Prosecco and Raspberry Posset
A boozy twist perfect for Valentines.
Print Pin RateCourse: Dessert
Cuisine: British
Keyword: Valentines day
Prep Time: 20 minutes minutes
Setting time:: 6 hours hours
Total Time: 6 hours hours 20 minutes minutes
Servings: 2
Ingredients
- 140 g Frozen raspberries
- 40 ml Prosecco
- 240 ml Double cream
- 80 g Golden caster sugar
- 1 Lemon juiced
- 2 tsps Freeze dried raspberries
- Fresh raspberries to garnish
- Shortbread to serve
Instructions
- Blitz the frozen raspberries with the prosecco until it is completely smooth.
- Push the pureé through a sieve to get rid of any pulp.
- Put the cream and the sugar into a saucepan, heat over a medium heat until the sugar has dissolved. The increase the heat and boil rapidly for 2-3 minutes, stirring constantly.
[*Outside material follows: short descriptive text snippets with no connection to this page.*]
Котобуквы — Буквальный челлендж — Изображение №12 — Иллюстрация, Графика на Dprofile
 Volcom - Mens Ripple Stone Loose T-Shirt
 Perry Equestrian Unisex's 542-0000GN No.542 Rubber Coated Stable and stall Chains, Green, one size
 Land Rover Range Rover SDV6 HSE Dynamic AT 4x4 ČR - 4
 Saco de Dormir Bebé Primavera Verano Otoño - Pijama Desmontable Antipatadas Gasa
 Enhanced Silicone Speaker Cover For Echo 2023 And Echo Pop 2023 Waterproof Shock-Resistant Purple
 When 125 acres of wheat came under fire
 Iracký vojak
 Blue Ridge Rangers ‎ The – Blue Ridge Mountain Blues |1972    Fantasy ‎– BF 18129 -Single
- Take the cream off the heat and add the raspberry + prosecco pureé. Then add the juice of one lemon, stir well and leave it to cool in the pan for about 15 minutes.
- Divide the mixture between glasses or ramekins, then place into the fridge to chill for at least 4 hours.
- To serve, sprinkle the freeze dried raspberries over the top. Garnish with the fresh raspberries.
- This goes well with shortbread. For these I bought some lavender flavoured, heart shaped shortbread from Waitrose.